Few jurisdictions legislate to provide for the effective transfer of the rights enjoyed by a lawful holder of a bill of lading when an electronic bill of lading (e-bill) is transferred. There have historically been attempted work arounds. Organisations such as essDOCS and Bolero have, for many years now, attempted to replicate the functional equivalence of a paper bill of lading with e-bills, but this requires agreement by pre-determined participants to a single set of contractual rules within what is sometimes referred to as a “club system”. When a party who is not a part of the club is involved in a transaction, it requires the conversion of the e-bill bill into a paper document. The development of DLT solutions has not changed the fundamental difficulty that very few jurisdictions place e-bills on the same legislative footing with regard to the transfer of right as original paper bills of lading.
One potential solution is the Uncitral Model Law on Electronic Transferable Records (MLETR), which is a specimen text that can be adopted by states wishing to legislate to recognise the transfer of rights in electronic documents that are functionally equivalent to transferable documents of title such as bills of lading.
It provides for the recognition of electronic records where the record contains all the information required of, say, a bill of lading and where a reliable method is used to maintain the integrity of the record and subject it to control from its creation until it ceases to have effect. "Control" is crucial in this context because it represents the functional equivalent of the possession of a physical transferable document. The MLETR is neutral as to the technology concerned, meaning that it can accommodate a variety of different technologies, including distributed ledgers, and it supports the principle of non-discrimination against the foreign origin of an electronic transferable record, to foster the cross border use of electronic records.

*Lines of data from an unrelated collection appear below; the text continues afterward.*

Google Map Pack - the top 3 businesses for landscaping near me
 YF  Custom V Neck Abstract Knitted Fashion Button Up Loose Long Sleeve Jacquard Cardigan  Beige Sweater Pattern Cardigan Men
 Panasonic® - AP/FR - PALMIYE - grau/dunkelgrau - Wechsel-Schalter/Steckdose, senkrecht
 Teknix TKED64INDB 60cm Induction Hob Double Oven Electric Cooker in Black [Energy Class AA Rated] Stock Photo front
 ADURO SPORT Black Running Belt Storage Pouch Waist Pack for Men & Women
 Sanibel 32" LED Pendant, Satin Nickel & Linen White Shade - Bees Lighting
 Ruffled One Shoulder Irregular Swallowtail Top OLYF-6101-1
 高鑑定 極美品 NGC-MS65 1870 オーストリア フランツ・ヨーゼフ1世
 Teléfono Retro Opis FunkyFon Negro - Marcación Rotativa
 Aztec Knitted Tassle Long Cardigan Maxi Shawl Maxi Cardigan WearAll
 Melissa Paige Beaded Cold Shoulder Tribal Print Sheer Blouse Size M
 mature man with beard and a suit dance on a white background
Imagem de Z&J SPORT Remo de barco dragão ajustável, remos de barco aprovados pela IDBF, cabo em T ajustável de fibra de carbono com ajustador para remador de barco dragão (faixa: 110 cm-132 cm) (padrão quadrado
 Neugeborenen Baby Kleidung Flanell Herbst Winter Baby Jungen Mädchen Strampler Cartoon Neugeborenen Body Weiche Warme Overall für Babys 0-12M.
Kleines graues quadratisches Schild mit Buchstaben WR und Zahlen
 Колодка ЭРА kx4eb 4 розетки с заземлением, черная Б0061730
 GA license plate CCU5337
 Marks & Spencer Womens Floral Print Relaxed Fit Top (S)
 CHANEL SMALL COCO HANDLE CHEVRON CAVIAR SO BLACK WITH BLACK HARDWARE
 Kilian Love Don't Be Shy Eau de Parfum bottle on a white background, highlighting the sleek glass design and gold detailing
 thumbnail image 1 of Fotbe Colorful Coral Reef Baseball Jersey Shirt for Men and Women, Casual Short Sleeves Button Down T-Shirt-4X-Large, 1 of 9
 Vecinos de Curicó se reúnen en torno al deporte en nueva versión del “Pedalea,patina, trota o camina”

The MLETR has no effect until it is adopted into national legislation. It is, for the time being, an aspiration for many jurisdictions. If adopted, however, it has the potential to fulfil some of the more exciting predictions about the direction of international trade.
That is because, once DLT based platforms can transfer economic rights to negotiable documents in a legally enforceable manner, it opens up possibilities brought by other technologies. For example, data recorded by the "Internet of Things" - interconnected inanimate objects - can be stored on distributed ledgers and used as a data oracle to verify anything from the time of the arrival of a container to the specification of a cargo. So called "smart contracts" – computer codes that execute instructions upon pre-defined events – could then execute payment instructions upon the verification of the necessary facts; and title to assets or other economic rights can then be transferred automatically and with full legal recognition, on a distributed ledger.
Many of the frictional disputes and costs involved in international trade could be removed entirely by the application of such technologies. That is, for the moment, still an aspiration and there are commercial and legal challenges to be surmounted. But it is a tantalising vision of the future.